Integrating seccomp into the application
To see how seccomp can be used in practice, let’s consider a toy example program
myos.c:
#include <stdio.h>
#include <sys/utsname.h>
int main(void)
{
struct utsname name;
if (uname(&name)) {
perror("uname failed: ");
return 1;
}
printf("My OS is %s!\n", name.sysname);
return 0;
}
This is a simplified version of the uname command line tool, which just prints your operating system name. Like its full-featured counterpart, it uses the uname system call to actually get the name of the current operating system from the kernel. Let’s see it action:
$ gcc -o myos myos.c
$ ./myos
My OS is Linux!
Great! We’re on Linux, so can further experiment with seccomp (it is a Linux-only feature). Notice that we’re properly handling the error code after invoking the uname system call. However, according to the man page it can only fail, when the passed in buffer pointer is invalid. And in this case the set error number will be “EINVAL”, which translates to invalid parameter. In our case, the “struct utsname” structure is being allocated on the stack, so our pointer will always be valid. In other words, in normal circumstances the uname system call should never fail in this particular program.
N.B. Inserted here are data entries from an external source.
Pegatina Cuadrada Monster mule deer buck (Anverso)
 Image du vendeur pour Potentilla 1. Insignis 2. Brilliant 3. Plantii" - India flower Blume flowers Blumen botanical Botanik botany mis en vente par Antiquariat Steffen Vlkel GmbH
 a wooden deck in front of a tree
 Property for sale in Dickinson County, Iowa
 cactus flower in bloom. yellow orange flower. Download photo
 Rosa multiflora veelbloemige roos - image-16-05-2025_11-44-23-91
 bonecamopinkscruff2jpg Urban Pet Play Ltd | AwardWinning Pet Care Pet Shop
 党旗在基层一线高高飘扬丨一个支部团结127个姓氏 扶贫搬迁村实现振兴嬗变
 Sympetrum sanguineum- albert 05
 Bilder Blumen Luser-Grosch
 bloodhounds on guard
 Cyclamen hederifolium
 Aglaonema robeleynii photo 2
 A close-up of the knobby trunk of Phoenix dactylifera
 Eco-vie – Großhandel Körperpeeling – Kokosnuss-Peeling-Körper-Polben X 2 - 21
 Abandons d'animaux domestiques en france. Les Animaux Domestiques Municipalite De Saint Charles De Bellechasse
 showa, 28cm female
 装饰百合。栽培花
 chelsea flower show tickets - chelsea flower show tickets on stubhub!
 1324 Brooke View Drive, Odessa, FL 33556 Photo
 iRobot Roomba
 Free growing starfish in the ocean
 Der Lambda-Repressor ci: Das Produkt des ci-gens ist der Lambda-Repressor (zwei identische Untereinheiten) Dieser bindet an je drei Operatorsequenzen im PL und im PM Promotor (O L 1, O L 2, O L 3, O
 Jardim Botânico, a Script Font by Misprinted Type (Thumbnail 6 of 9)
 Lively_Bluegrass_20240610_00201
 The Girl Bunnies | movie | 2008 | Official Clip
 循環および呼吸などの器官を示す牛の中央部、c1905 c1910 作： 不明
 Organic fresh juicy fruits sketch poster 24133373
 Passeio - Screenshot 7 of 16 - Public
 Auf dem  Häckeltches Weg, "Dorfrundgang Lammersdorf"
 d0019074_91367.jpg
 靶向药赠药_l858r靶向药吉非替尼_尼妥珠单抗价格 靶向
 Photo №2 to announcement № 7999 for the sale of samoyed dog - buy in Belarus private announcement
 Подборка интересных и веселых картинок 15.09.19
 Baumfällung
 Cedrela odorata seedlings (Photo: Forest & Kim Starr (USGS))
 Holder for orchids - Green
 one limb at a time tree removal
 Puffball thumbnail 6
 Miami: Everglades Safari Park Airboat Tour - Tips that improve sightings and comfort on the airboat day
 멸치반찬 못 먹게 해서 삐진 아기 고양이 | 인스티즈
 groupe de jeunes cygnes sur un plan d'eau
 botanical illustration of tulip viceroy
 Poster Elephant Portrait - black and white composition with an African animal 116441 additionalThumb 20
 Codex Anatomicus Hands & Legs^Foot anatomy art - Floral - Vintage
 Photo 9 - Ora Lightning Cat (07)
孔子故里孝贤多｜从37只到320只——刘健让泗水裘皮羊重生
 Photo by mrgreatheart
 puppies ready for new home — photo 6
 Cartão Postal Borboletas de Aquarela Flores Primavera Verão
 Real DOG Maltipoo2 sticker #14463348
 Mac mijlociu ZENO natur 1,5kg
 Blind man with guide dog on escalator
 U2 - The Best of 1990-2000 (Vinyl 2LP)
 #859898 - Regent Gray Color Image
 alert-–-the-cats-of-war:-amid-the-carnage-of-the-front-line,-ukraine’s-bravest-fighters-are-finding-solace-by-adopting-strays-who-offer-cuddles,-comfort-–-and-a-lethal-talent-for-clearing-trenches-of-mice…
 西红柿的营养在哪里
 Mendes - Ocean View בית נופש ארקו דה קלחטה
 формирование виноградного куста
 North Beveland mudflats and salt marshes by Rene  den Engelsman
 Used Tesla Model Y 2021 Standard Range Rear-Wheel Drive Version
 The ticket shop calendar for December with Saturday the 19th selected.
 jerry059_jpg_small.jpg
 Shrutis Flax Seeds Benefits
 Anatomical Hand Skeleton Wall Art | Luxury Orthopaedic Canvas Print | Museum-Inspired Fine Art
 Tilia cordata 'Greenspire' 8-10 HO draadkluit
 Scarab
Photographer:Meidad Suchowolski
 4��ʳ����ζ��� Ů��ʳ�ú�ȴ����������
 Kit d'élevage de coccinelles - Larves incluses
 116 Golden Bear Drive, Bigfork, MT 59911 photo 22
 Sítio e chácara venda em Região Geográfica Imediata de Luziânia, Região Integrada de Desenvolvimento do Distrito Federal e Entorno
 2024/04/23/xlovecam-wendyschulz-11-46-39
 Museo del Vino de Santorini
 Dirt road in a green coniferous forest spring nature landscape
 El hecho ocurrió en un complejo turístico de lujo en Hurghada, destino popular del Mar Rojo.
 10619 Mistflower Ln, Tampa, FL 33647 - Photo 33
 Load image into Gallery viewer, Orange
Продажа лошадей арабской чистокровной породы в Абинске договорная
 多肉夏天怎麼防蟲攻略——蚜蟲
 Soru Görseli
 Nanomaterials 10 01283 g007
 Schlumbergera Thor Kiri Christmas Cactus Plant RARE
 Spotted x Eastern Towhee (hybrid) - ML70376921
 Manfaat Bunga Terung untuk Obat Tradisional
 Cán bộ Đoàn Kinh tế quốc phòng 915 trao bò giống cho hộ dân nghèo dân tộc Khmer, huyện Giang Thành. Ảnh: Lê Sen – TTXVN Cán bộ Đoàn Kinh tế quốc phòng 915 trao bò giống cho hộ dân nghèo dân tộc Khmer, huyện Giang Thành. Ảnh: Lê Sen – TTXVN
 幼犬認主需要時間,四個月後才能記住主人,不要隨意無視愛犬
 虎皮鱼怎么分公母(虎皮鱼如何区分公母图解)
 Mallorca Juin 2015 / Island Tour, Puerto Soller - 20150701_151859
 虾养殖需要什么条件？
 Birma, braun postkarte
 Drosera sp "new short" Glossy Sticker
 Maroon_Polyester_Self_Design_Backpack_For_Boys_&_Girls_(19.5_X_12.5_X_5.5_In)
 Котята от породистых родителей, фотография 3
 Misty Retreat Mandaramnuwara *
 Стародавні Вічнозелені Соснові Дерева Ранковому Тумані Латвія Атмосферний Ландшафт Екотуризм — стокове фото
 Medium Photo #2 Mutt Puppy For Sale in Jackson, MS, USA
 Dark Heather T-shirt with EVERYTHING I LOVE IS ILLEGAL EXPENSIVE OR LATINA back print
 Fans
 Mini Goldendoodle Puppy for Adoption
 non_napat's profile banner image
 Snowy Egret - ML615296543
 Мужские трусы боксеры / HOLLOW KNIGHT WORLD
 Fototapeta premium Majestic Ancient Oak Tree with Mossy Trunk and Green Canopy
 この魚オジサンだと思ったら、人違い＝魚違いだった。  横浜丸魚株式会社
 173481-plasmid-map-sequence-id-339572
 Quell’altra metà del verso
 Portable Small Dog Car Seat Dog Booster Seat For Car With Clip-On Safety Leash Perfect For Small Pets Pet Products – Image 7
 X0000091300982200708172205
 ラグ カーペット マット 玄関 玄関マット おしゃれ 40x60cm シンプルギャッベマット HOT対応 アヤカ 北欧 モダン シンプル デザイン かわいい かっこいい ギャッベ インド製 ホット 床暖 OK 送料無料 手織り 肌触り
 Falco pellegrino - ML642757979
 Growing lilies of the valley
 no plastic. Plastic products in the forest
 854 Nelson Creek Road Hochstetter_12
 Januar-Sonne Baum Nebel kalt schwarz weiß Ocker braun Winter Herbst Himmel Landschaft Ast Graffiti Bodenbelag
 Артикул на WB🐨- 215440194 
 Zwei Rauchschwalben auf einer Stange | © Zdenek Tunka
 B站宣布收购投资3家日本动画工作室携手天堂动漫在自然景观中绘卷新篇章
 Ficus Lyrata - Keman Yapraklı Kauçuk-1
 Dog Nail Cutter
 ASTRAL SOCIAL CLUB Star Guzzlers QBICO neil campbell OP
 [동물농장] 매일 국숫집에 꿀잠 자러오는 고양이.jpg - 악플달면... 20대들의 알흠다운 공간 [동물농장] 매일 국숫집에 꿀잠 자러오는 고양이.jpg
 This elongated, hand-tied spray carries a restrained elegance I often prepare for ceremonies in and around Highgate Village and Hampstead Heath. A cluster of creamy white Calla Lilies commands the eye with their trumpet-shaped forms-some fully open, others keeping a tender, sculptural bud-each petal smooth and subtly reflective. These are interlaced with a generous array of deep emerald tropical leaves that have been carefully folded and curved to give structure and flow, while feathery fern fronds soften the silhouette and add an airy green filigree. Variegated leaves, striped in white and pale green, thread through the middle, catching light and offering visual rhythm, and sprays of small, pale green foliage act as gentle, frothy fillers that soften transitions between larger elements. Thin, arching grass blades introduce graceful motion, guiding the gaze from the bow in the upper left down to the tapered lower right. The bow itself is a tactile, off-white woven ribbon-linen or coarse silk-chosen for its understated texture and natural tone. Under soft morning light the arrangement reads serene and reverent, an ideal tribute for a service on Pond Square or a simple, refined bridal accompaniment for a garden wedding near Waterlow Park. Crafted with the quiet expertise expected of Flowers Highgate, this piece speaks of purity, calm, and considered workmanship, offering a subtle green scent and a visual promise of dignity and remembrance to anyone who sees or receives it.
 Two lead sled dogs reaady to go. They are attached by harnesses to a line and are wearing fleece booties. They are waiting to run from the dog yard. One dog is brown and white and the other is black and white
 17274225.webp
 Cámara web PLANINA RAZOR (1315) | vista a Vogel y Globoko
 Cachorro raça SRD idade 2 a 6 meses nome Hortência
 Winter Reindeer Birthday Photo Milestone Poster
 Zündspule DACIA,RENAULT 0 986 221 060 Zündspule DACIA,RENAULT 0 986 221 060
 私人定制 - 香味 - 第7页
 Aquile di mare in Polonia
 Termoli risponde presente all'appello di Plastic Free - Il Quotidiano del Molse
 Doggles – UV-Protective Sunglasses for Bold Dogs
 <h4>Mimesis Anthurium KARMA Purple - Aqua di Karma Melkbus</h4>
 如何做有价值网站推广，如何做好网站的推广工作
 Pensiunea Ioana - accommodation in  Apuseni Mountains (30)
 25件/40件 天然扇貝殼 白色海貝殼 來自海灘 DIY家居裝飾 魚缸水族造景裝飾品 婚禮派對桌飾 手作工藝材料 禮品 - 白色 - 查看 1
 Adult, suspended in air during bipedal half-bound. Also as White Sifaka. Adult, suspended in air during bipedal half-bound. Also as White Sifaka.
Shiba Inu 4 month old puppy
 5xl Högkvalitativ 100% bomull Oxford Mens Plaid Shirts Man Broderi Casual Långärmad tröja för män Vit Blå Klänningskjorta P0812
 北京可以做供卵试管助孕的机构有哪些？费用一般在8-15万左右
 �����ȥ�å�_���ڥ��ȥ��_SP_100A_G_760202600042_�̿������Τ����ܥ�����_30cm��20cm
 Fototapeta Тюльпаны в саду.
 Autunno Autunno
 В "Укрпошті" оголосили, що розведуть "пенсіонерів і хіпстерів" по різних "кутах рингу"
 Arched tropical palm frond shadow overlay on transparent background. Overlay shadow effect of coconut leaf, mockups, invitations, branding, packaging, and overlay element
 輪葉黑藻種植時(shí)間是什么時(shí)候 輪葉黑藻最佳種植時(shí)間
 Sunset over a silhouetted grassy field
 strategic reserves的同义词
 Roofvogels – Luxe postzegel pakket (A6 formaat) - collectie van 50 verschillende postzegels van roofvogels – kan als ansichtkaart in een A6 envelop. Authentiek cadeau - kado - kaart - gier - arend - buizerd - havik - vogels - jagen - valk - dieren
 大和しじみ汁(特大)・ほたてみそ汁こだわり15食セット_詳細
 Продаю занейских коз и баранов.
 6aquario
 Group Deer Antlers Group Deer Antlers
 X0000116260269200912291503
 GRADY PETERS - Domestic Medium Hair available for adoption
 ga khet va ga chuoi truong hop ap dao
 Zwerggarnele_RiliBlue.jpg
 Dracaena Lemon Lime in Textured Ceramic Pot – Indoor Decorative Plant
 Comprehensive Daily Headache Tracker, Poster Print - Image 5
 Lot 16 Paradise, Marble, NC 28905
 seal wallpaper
To illustrate seccomp capabilities we will add a “sandbox” function to our program before the main logic
myos_raw_seccomp.c:
#include <linux/seccomp.h>
#include <linux/filter.h>
#include <linux/audit.h>
#include <sys/ptrace.h>
#include <sys/prctl.h>
#include <stdlib.h>
#include <stdio.h>
#include <stddef.h>
#include <sys/utsname.h>
#include <errno.h>
#include <unistd.h>
#include <sys/syscall.h>
static void sandbox(void)
{
struct sock_filter filter[] = {
/* seccomp(2) says we should always check the arch */
/* as syscalls may have different numbers on different architectures */
/* see https://fedora.juszkiewicz.com.pl/syscalls.html */
/* for simplicity we only allow x86_64 */
BPF_STMT(BPF_LD | BPF_W | BPF_ABS, (offsetof(struct seccomp_data, arch))),
/* if not x86_64, tell the kernel to kill the process */
BPF_JUMP(BPF_JMP | BPF_JEQ | BPF_K, AUDIT_ARCH_X86_64, 0, 4),
/* get the actual syscall number */
BPF_STMT(BPF_LD | BPF_W | BPF_ABS, (offsetof(struct seccomp_data, nr))),
/* if "uname", tell the kernel to return EPERM, otherwise just allow */
BPF_JUMP(BPF_JMP | BPF_JEQ | BPF_K, SYS_uname, 0, 1),
BPF_STMT(BPF_RET | BPF_K, SECCOMP_RET_ERRNO | (EPERM & SECCOMP_RET_DATA)),
BPF_STMT(BPF_RET | BPF_K, SECCOMP_RET_ALLOW),
BPF_STMT(BPF_RET | BPF_K, SECCOMP_RET_KILL),
};
struct sock_fprog prog = {
.len = (unsigned short) (sizeof(filter) / sizeof(filter[0])),
.filter = filter,
};
/* see seccomp(2) on why this is needed */
if (prctl(PR_SET_NO_NEW_PRIVS, 1, 0, 0, 0)) {
perror("PR_SET_NO_NEW_PRIVS failed");
exit(1);
};
/* glibc does not have a wrapper for seccomp(2) */
/* invoke it via the generic syscall wrapper */
if (syscall(SYS_seccomp, SECCOMP_SET_MODE_FILTER, 0, &prog)) {
perror("seccomp failed");
exit(1);
};
}
int main(void)
{
struct utsname name;
sandbox();
if (uname(&name)) {
perror("uname failed");
return 1;
}
printf("My OS is %s!\n", name.sysname);
return 0;
}
To sandbox itself the application defines a BPF program, which implements the desired sandboxing policy. Then the application passes this program to the kernel via the seccomp system call. The kernel does some validation checks to ensure the BPF program is OK and then runs this program on every system call the application makes. The results of the execution of the program is used by the kernel to determine if the current call complies with the desired policy. In other words the BPF program is the “contract” between the application and the kernel.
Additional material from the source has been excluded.